Braise Cuttlefish Before Grilling, Or Other Cuttlefish Recipes?
Okay, I am wondering if I need to braise the cuttlefish to tenderness before I give them a good charring over coals on my Performer?
I know that braising would make it tender probably for sure since I've read it can be quite tough otherwise, but didn't know if a flash grilling would be enough to keep it from getting there.
I have frozen baby cuttlefish by the way. They are about 2" long each.
I'd like a good marinade too if you can just truly flash grill them, I have never cooked cuttlefish or even had it in a restaurant, but was intrigued and bought it after seeing it on a TV show online.
Your cuttlefish is too small to braise, then grill. After any time in hot liquid, they would be so small they would fall through the grates.....in general, larger cuttle fish can be roasted, grilled....or braised, then grilled. The following are braised Cantonese style.

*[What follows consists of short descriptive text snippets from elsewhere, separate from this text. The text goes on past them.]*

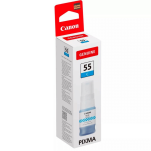 Canon oryginalny tusz GI55C 6289C001 cyan - 2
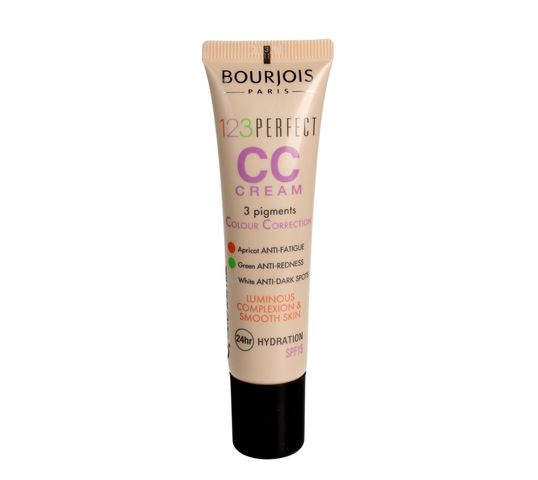 Bourjois 123 Perfect CC Cream krem CC nr 34 Bronze (30 ml)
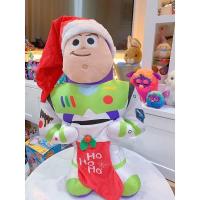 ราคา Toy Story ตุ๊กตา บัส ไลท์เยียร์ Buzz Lightyear ขนาด 20” ยืนได้ มั่นคง สำหรับตั้งโชว์ ถุงเท้าใส่ของได้ (22800266213)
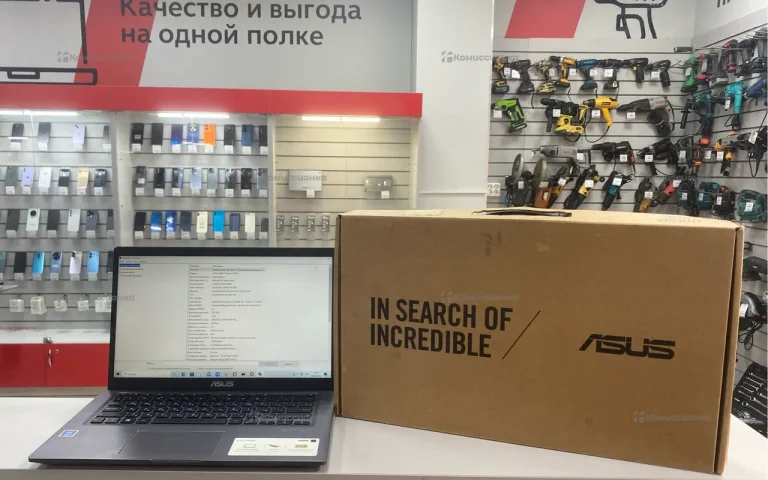 Ноутбук ASU’s Vivo book 15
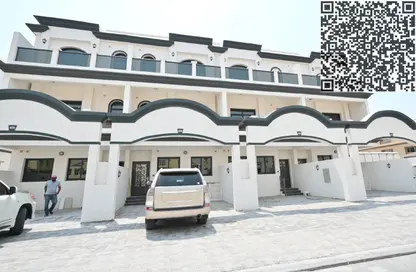Townhouse - 4 Bedrooms - 5 Bathrooms for rent in Ajman Uptown Villas - Ajman Uptown - Ajman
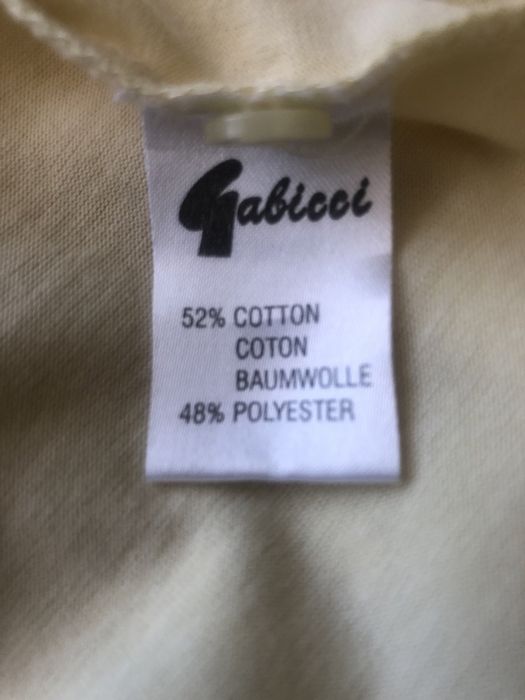 Koszulka męska polo Gabicci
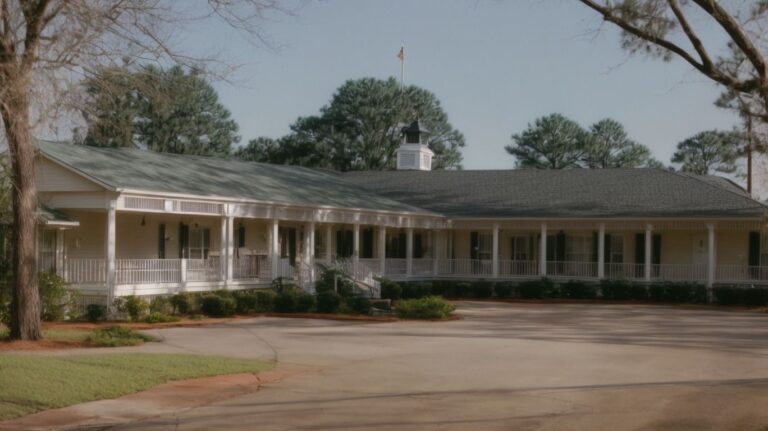 Best Retirement Homes in Selma, Alabama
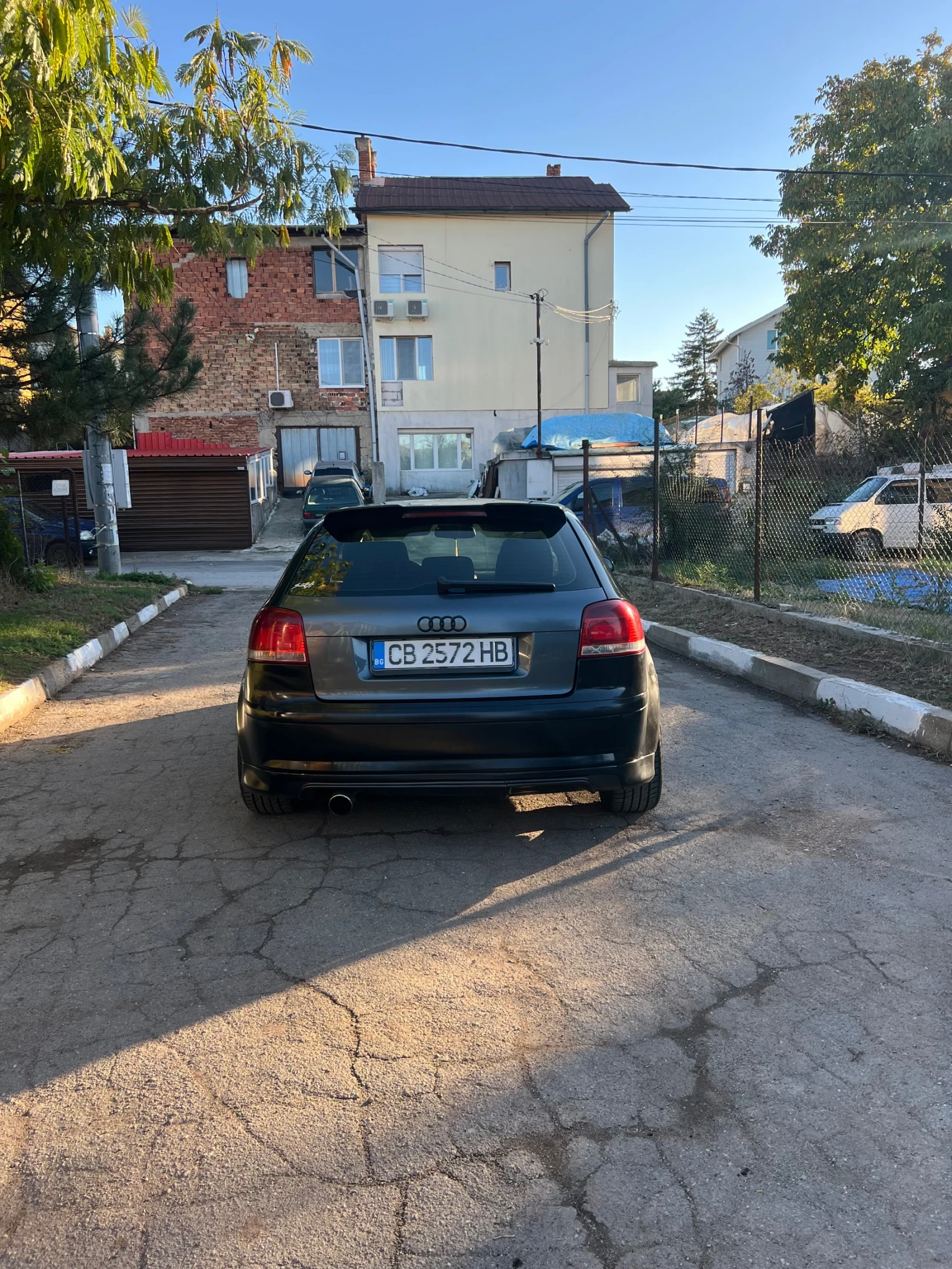 Audi A3, снимка 3 - Автомобили и джипове - 54611058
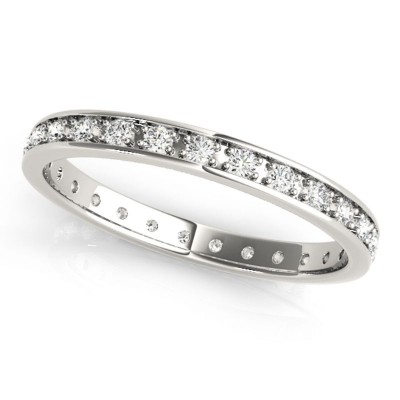 Eternity Wedding Bands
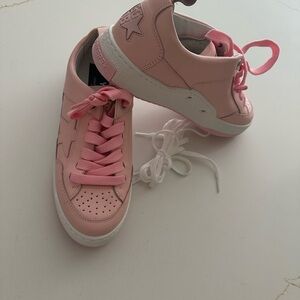 Golden Goose Pink Women's Sneakers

You can grill or roast, stuffed or un-stuffed....roast sometimes is used interchangeably with grilled depending upon cuisine and style. Japanese consider grilling and roasted the same for cuttlefish.....as it's a popular street food or small food stall type item in many markets.
With regards to stuffing.....each Christmas Eve my best friend family recipe is stuff with breadcrumbs and other seasoning and braise in tomato sauce as part of their Feast of the Seven Fishes dinner.
One of the coolest looking Stuffed Squid recipes I can recall having many years ago in a Sushi Restaurant in NYC was called Tigers Eye. They took a piece of Salmon, wrapped it in Nori/Laver/Seaweed and stuffed it inside the Squid Tube. When grilled and sliced, it looked exactly like a Tiger's Eye and the presentation was very impressive.
Personally, I like all types of Squid, Cuuttlefish or Octopus, whether poached, pan sautee or braise.....and I very much enjoy them all simply grilled finished with olive oil and fresh lemon, e.g., like a seafood salad Italian or Greek style served war....never cold and sitting in any acid.